Go through the material below, tally each line containing "this", and write the tally alone.
[Opening Extracted data section]
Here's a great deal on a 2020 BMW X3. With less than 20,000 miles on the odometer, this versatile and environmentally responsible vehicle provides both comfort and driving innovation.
[Closing Extracted data section]
[Opening Extracted data section]
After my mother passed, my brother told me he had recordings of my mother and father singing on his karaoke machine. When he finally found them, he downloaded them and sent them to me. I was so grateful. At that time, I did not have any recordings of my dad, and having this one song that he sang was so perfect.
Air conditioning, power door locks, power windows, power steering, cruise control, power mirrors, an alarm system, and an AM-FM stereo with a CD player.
[Closing Extracted data section]
Result of the exercise => 2